**Task statement:**
Go through the listing below, and from the line containing "6 Pcs; 80283" through its last line, transcribe every line exactly, skipping pictures.

**Provided data:**
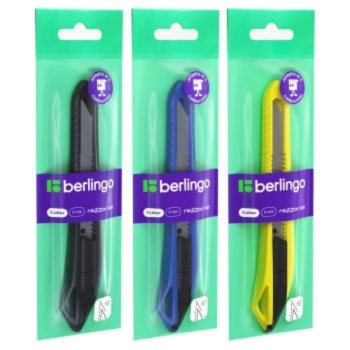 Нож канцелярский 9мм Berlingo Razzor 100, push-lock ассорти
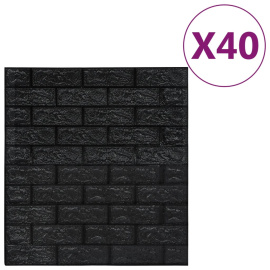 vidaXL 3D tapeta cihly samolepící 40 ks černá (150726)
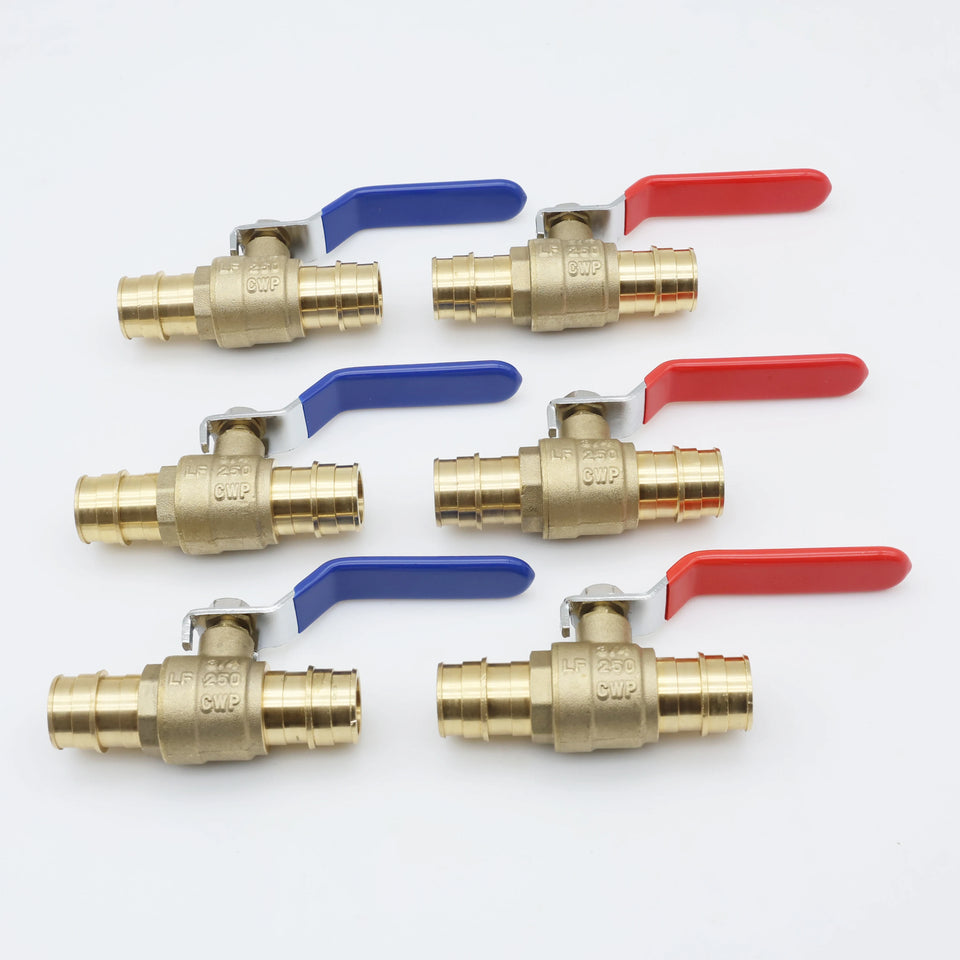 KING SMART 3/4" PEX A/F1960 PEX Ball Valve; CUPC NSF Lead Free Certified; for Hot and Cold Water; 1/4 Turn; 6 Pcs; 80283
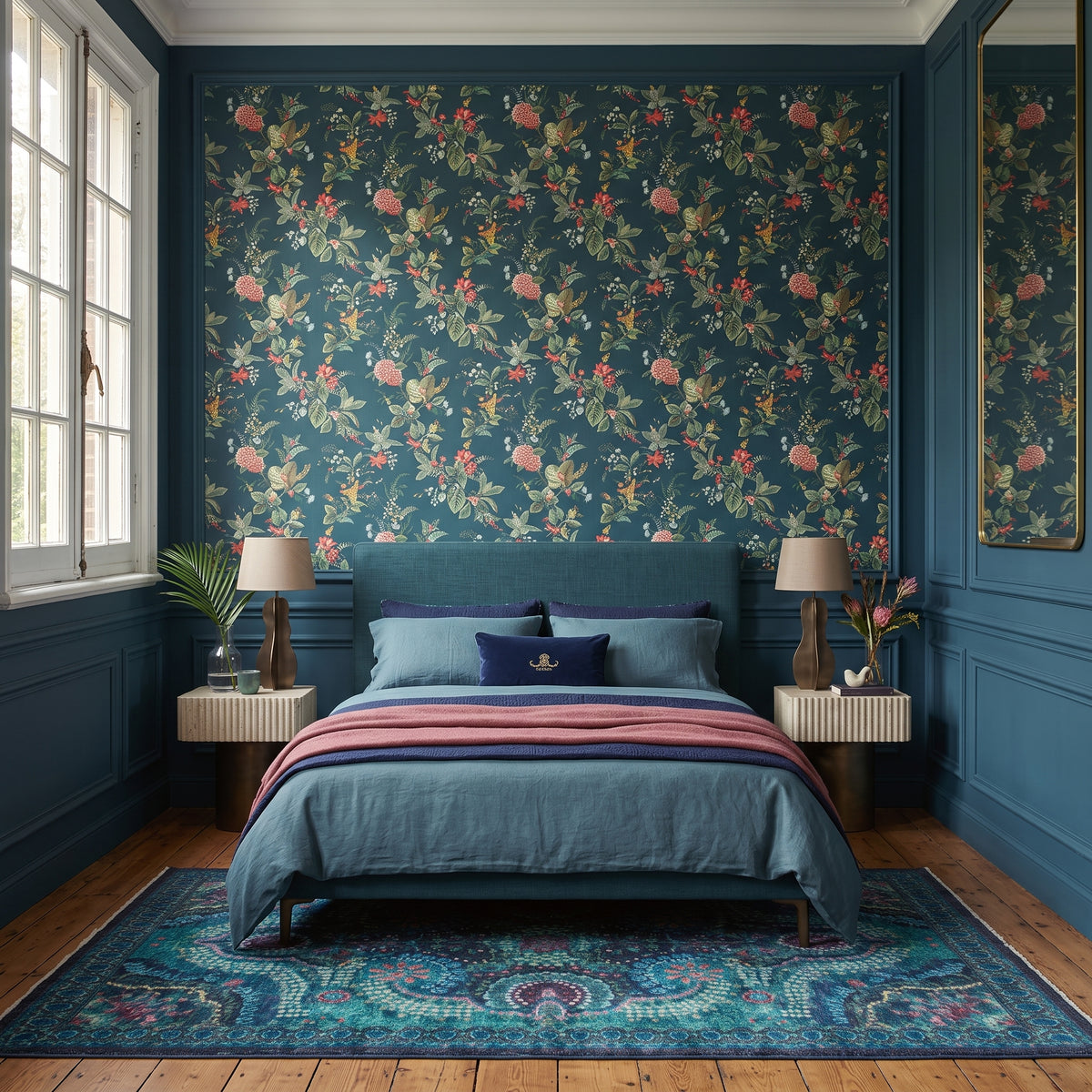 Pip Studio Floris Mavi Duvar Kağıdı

**Expected answer:**
 KING SMART 3/4" PEX A/F1960 PEX Ball Valve; CUPC NSF Lead Free Certified; for Hot and Cold Water; 1/4 Turn; 6 Pcs; 80283
 Pip Studio Floris Mavi Duvar Kağıdı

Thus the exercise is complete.